Severe maternal morbidity continues to be an issue of national and global concern and is increasing in incidence. The incidence of infertility is also on the rise, and infertile women experience a higher risk of incident chronic medical disease and cancer, suggesting that fertility may serve as a window to a woman’s overall health.
To investigate the risk of severe maternal morbidity by maternal fertility status.

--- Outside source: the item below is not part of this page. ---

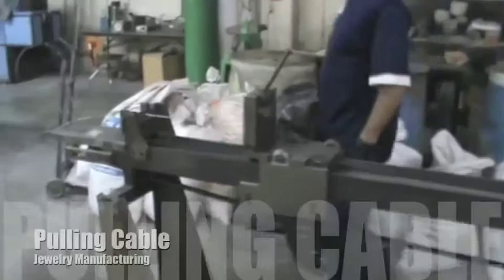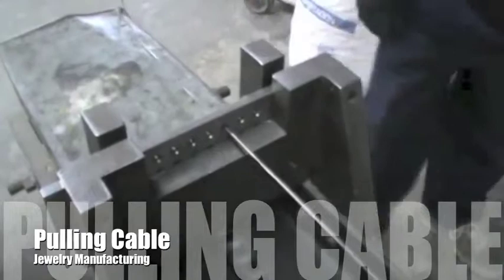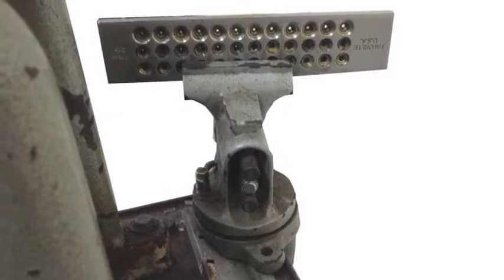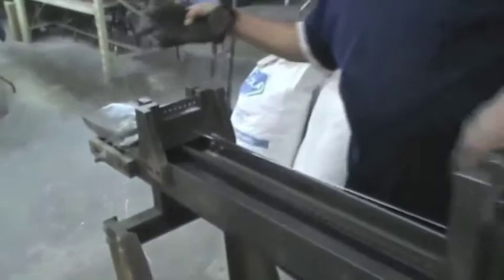Cable making. Metal cable is produced by simply pulling. After the metal has been alloyed and shaped, it goes through a series of holes. The hole plaque is usually made of very strong steel, with different sized holes ranging from big to small. The metal has to go through each hole, making it each time thinner and longer until the desired width is achieved.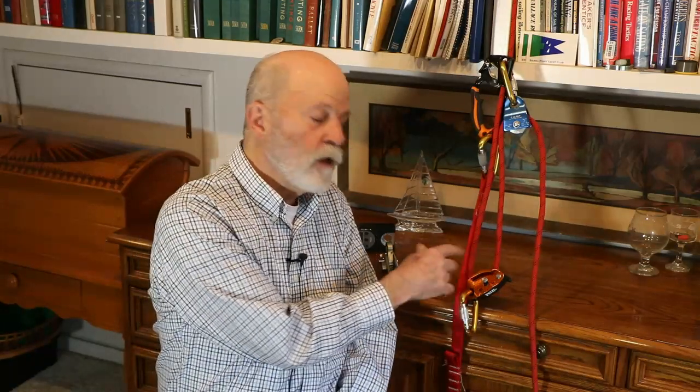I'm Alan Edwards with L-36.com and I'm going to talk today about mechanical advantage, specifically mechanical advantage on systems for climbing a mast — and the system like this that I use, which uses a single rope technique, in this case using a Grigri, which is the most common device used.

Retrospective cohort analysis using Optum’s de-identifed Clinformatics® Data Mart Database between 2003-2015. Infertile women stratified by infertility diagnosis, testing or treatment were compared to fertile women seeking routine gynecologic care. In both groups, only women who underwent pregnancy and delivery of a singleton during the follow up period were included. Main outcomes were severe maternal morbidity indicators, defined by the CDC, and identified by ICD-10 and CPT codes within 6 weeks of each delivery. Results were adjusted for maternal age, race, education, nulliparity, race, smoking, obesity, delivery mode, preterm birth, number of prenatal visits, and year of delivery.
19,658 women comprised the infertile group and 525,695 women comprised the fertile group. The overall incidence of any severe maternal morbidity indicator was 7.0% among women receiving fertility treatment, 6.4% among women receiving a fertility diagnosis, 5.5% among women receiving fertility testing and 4.3% among fertile women.. Overall, infertile women had a significantly higher risk of developing any severe maternal morbidity indicator (AOR 1.22, CI 1.14-1.31, p<0.01) as well as a significantly higher risk of disseminated intravascular coagulation (DIC) (AOR 1.48, CI 1.26 - 1.73, p<0.01), eclampsia (AOR 1.37, CI 1.05 - 1.79, p<0.01), heart failure during procedure or surgery (AOR 1.54, CI 1.21 - 1.97, p<0.01), internal injuries of the thorax, abdomen or pelvis (AOR 1.59, CI 1.12 - 2.26, p<0.01), intracranial injuries (AOR 1.77, CI 1.20- 2.61, p<0.01), pulmonary edema (AOR 2.18, CI 1.54 - 3.10, p<0.01), thrombotic embolism (AOR 1.58, CI 1.14 - 2.17, p<0.01), and blood transfusion (AOR 1.50, CI 1.30 - 1.72, p<0.01) compared to fertile women. Fertile women did not face a significantly higher risk of any maternal morbidity indicator compared to infertile women. In subgroup analysis by maternal race/ethnicity, the likelihood of severe morbidity was significantly higher among fertile Black women compared to fertile Caucasian women. There was no difference between infertile Black and Caucasian women after multivariable adjustment.
Using an insurance claims database, we report that women diagnosed with infertility and women receiving fertility treatment experience a significantly higher risk of multiple indicators of severe maternal morbidity compared to fertile women. The increased risk of severe maternal morbidity noted among fertile Black women compared to fertile Caucasian women is attenuated among infertile Black women, who face similar risks as infertile Caucasian women.